It is good that Trump has withdrawn the US from the 12 country (China excluded) Trans-Pacific-Partnership (TPP). Apart from being another inflexible multi-lateral agreement it was actually just a political response to the Asia-Pacific-Trade-Agreement (APTA) and the RCEP which China was putting together, both excluding the US. APTA started with Bangladesh, China, India, Lao PDR, Mongolia, South Korea, and Sri Lanka, but has all the disdavantages and inflexibility of multi-lateral agreements. The “Regional Comprehensive Economic Partnership (RCEP) is a proposed free trade agreement between the ten member states of the Association of Southeast Asian Nations (ASEAN) (Brunei, Cambodia, Indonesia, Laos, Malaysia, Myanmar, the Philippines, Singapore, Thailand, Vietnam) and the six states with which ASEAN has existing free trade agreements (Australia, China, India, Japan, South Korea and New Zealand)”.
There are many multi-lateral agreements in Asia Pacific and are more talking shops than any real promoters of trade:
The divide between developing countries and the developed world is blurring. Intelligence is available at each sovereign country.
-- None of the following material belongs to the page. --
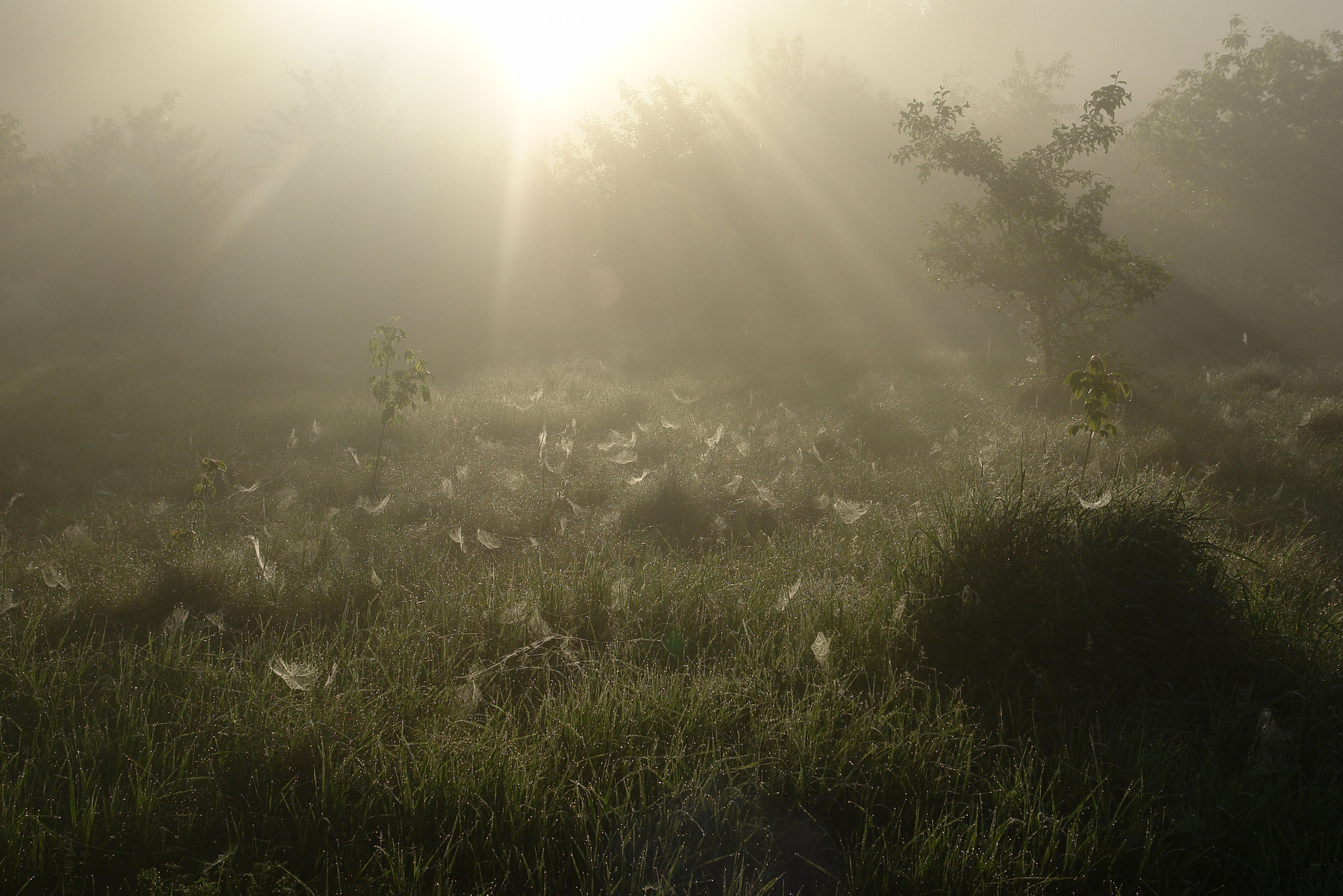На рассвете солнце туман поле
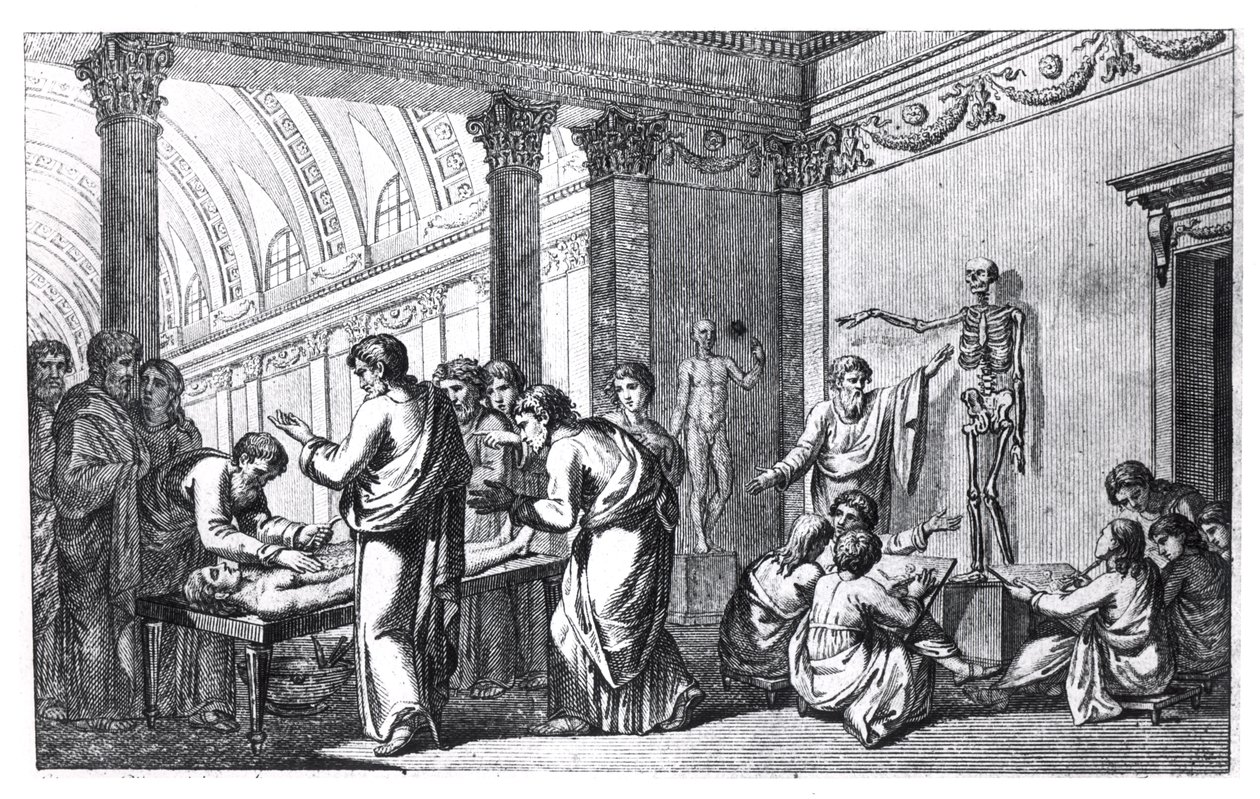 مدرسة التشريح في العصور القديمة ، من Tabulae Anatomicae بقلم بيترو بريتيني دا كورتونا (1596-1669) نشرت في روما ، 1778 بواسطة المدرسة الايطالية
Each country, individually, is best placed to know and to look after its own interests. With a bunch of “idiot” elements, there is strength in “unity”, but when each entity is intelligent, forcing the intelligences to join groups and comply with the lowest common standards is counter productive and “not smart”.
In the EU, for example, forcing the member countries to forego their sovereignty, ignore their own intelligence in favour of some bureaucratically defined “common intelligence” is definitely “not smart”.
I am expanding on an earlier post since I find that there is much loose thinking when it comes to what people perceive as the sins or benefits of globalisation. The globalisation pundits forget that without local there can be no global
Where “globalisation” should have been “think global, act local”, it has instead degenerated to become “decide globally, impose locally”. It is part of the classic balance between centralised and distributed, between society and the individual. What should have been an increase in local decision-making in the light of being better informed about global consequences, has instead become decision-making at the global level with consequences being imposed on or coerced from the much smaller local entities. The “anti-globalisation wave” currently ongoing is the reaction from the “local” entities which feel imposed upon. It applies as much to individuals in America’s rust belts to the Indian engineers being laid off in a multi-national corporate because avoided costs (not actual costs) are lower in Europe. It applies to the UK view of the EU which fuelled Brexit as much as to the protests in the state of Tamil Nadu against the banning of Jallikattu. This degeneration applies to the UN, it applies to the EU or the WHO or the IMF or the WB. It applies to “global” or “multi-national” corporations, to central governments, to multi-lateral trade agreements and even to scientific endeavour.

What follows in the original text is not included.